If you pay independent contractors to market your healthcare services, read on.
The United States Court of Appeals for the Fourth Circuit recently upheld a verdict against the former owner of a blood testing lab and two marketers who were found to have violated the False Claims Act by paying physicians for drawing patients’ blood and processing the samples in violation of the Anti-Kickback Statute.
In May 2018, the United States District Court in the District of South Carolina entered judgment for the United States in the amounts of $111,109,655.30 against LaTonya Mallory, CEO of Health Diagnostic Laboratory Inc., (HDL) in Virginia, along with marketers Floyd Calhoun Dent III and Robert Bradford Johnson, founders of BlueWave Healthcare Consultants, Inc. The court entered an additional $3 million judgment against Johnson and Dent for violating the FCA through a similar agreement with another lab, Singulex.
It was alleged during the trial that the defendants paid physicians “processing and handling fees” of between $10 and $17 for each patient they referred to two blood testing labs. The government also introduced evidence that the kickback scheme resulted in physicians referring patients to HDL and Singulex for medically unnecessary tests, which were then billed to federal healthcare programs.

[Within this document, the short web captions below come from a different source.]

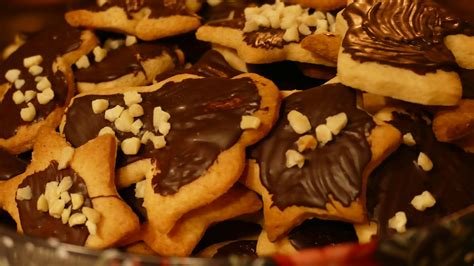 Marzipan auf Herzkeks geklebt und mit Schokolade verziert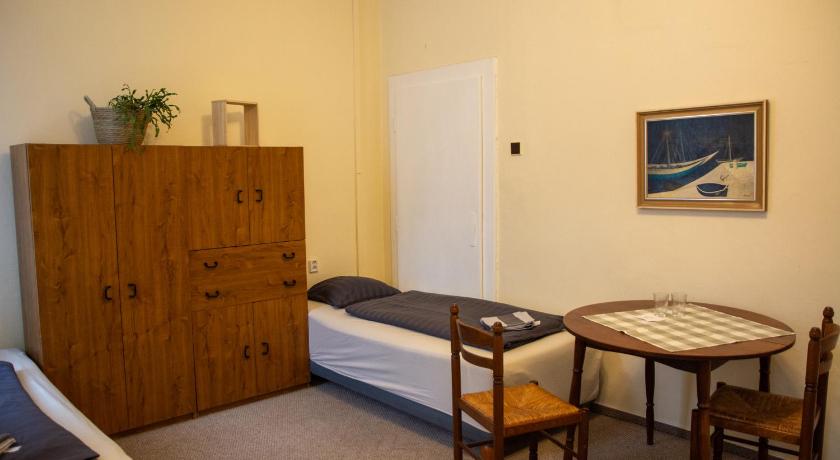 Image of Economy Triple Room 3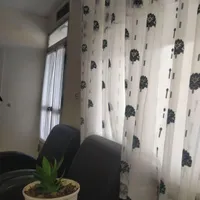 نظافتچی راه پله آپارتمان/خانه/ساختمان/خانم
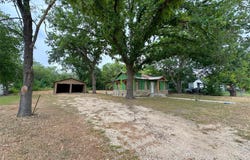 818 Plum St, Lockhart, TX 78644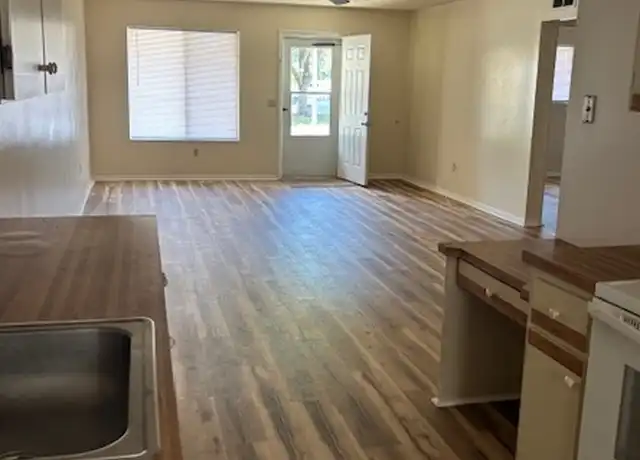 Property at 318 W Rosewood Ln, Tavares, FL, 32778, 3 beds, 2 baths, [object Object]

Between 2010 and June 2014, Medicare and TRICARE (the federal healthcare plan for members of the military and their families) paid HDL approximately $538 million and HDL paid BlueWave approximately $220 million. Medicare and TRICARE paid Singulex approximately $47 million, and Singulex paid BlueWave approximately $24 million.
The Anti-Kickback Statute prohibits “knowingly and willfully” soliciting or receiving remuneration in exchange for “arranging for the furnishing” of a healthcare service and “recommending purchasing” a healthcare service. It also prohibits “knowingly and willfully” paying remuneration to “induce” someone to take such actions.

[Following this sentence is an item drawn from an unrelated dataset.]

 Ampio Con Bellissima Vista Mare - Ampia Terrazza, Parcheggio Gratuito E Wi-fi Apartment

In their appeal, the defendants argued that the government failed to prove that they “knowingly and willfully” violated the Anti-Kickback Statute. However, the government provided evidence that attorneys for both HDL and BlueWave warned the defendants that paying commissions to independent contractors might well violate the Anti-Kickback Statute.

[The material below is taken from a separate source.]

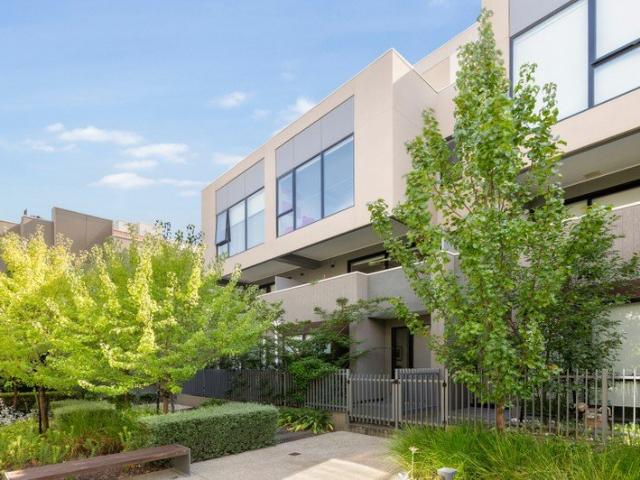 Stunning Tri Level townhouse in The Mills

The appellate court, in its opinion pointed out that “federal appellate courts have frequently, and indeed invariably, upheld Anti-Kickback Statute violations based on commission payments to third parties.”
While there is a safe harbor for commissions paid to salespeople who are “employee[s]” that have a “bona fide employment relationship” with their employer, the Department of Health and Human Services has expressly recognized that this safe harbor does not cover independent contractors.